◆ Exercise goal
The answer must reproduce all of the data below exactly and contain no images.

◆ Supplied material
————————

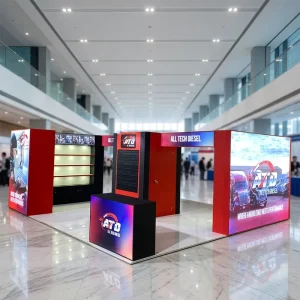 Popular Design Trade Show Booth Reliable Supplier Custom Modular Wooden Easy Setup Event Show Booth Exhibit Stand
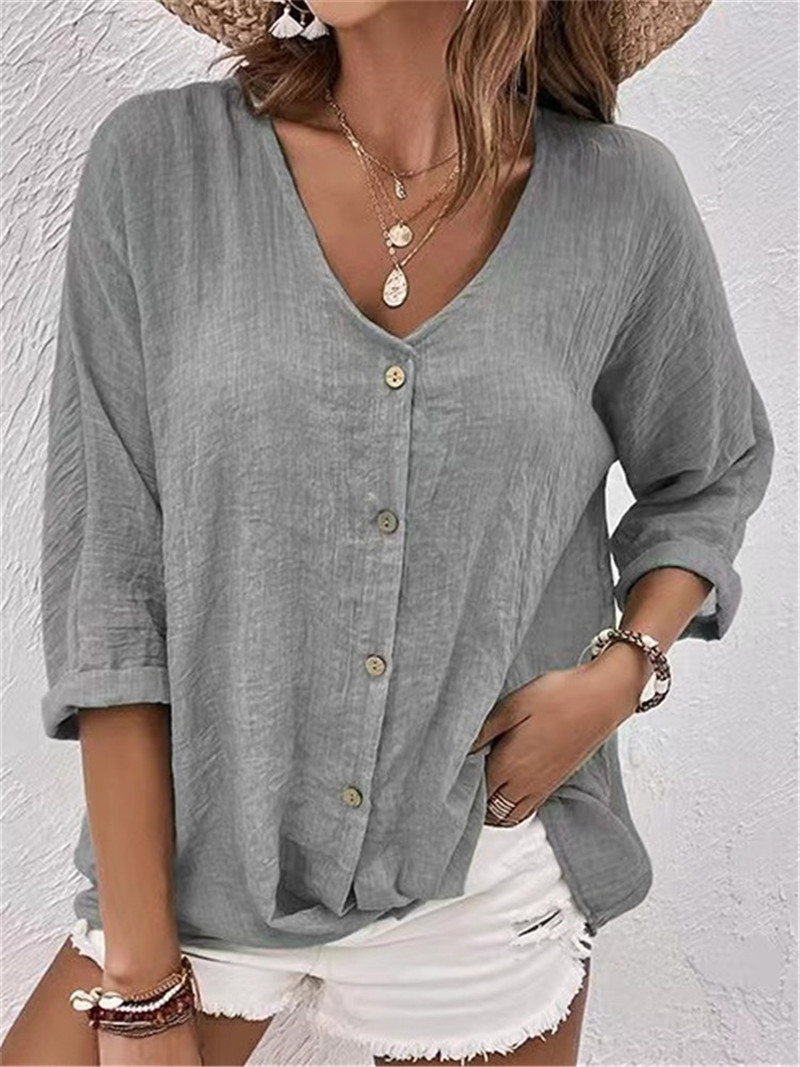 Elegant Buttons Solid Blouse S - Women'S Formal Wear Blouse review and price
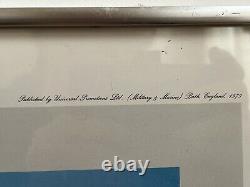 WW2 RAF SPITFIRE DOUGLAS BADER JOHNNIE JOHNSON Signed Robert Taylor print FRAMED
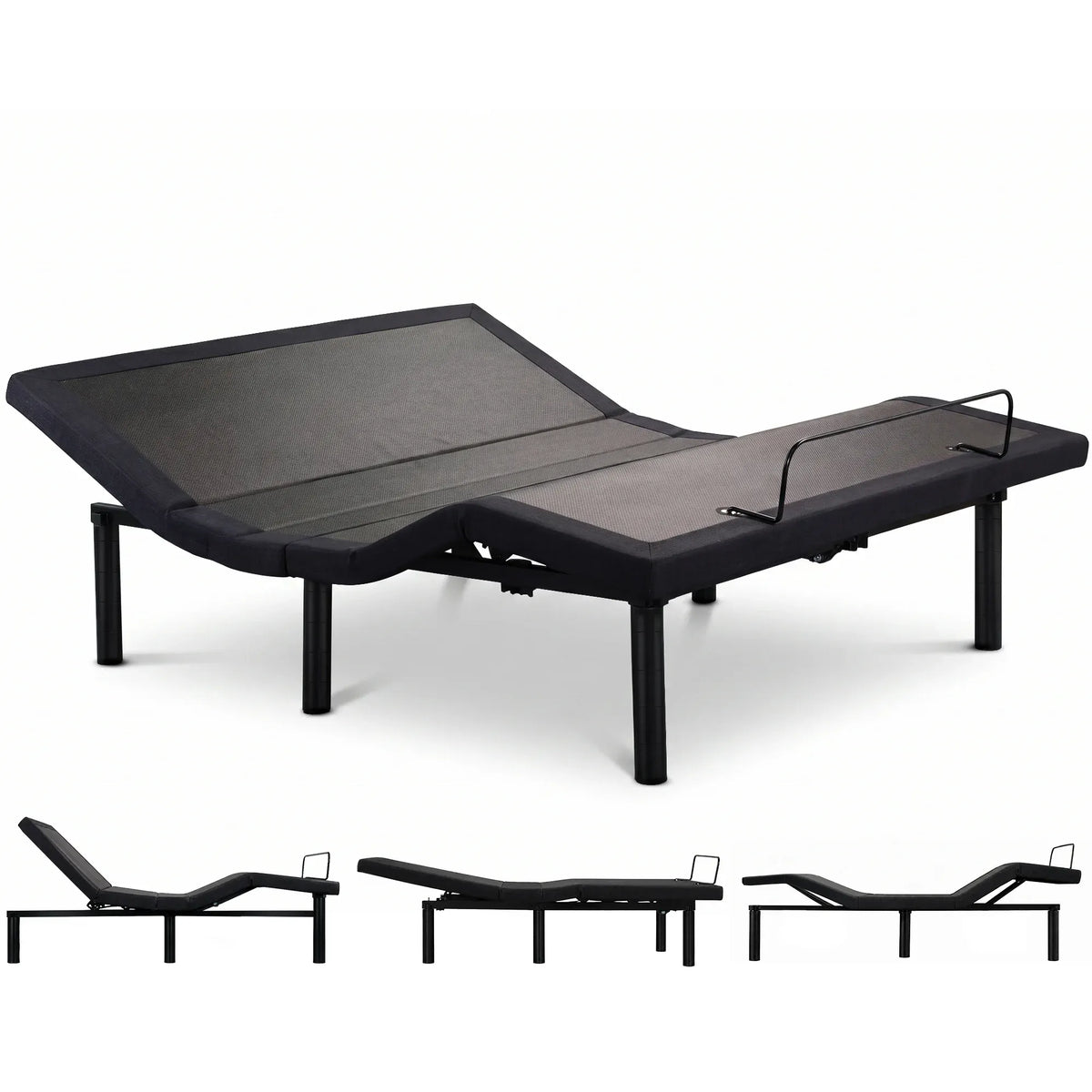 Therapedic Motion Queen Adjustable Bed Base Electric Motorised Frame with Wireless Remote & Preset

————————

◆ Result of this exercise
 Popular Design Trade Show Booth Reliable Supplier Custom Modular Wooden Easy Setup Event Show Booth Exhibit Stand
 Elegant Buttons Solid Blouse S - Women'S Formal Wear Blouse review and price
 WW2 RAF SPITFIRE DOUGLAS BADER JOHNNIE JOHNSON Signed Robert Taylor print FRAMED
 Therapedic Motion Queen Adjustable Bed Base Electric Motorised Frame with Wireless Remote & Preset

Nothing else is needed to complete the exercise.